- _EXERCISE_: Restate every line of the material below word for word, skipping the images.

- _SUPPLIED DATA_:
Segment Open
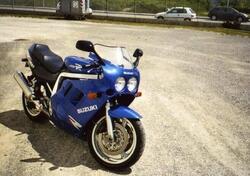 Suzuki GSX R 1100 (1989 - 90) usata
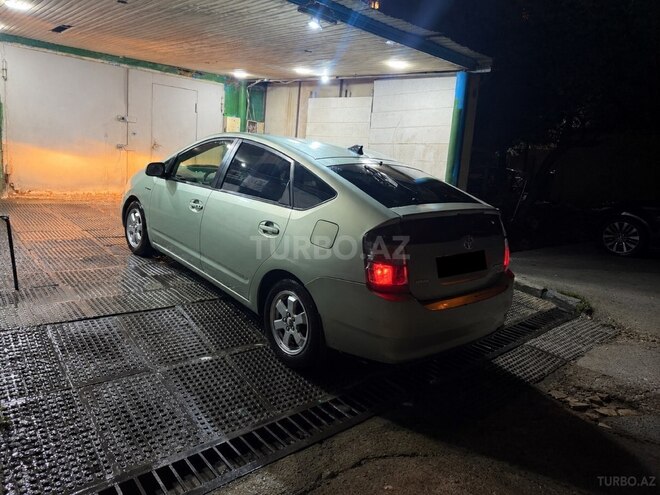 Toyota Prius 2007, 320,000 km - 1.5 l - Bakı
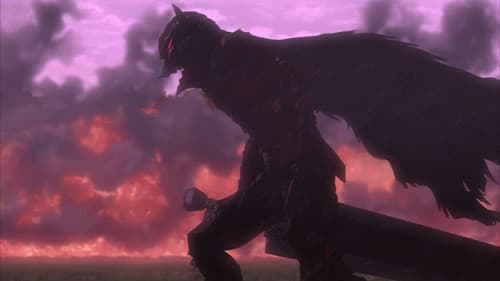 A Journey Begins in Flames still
Segment Closed
- _ANSWER AREA_:
 Suzuki GSX R 1100 (1989 - 90) usata
 Toyota Prius 2007, 320,000 km - 1.5 l - Bakı
 A Journey Begins in Flames still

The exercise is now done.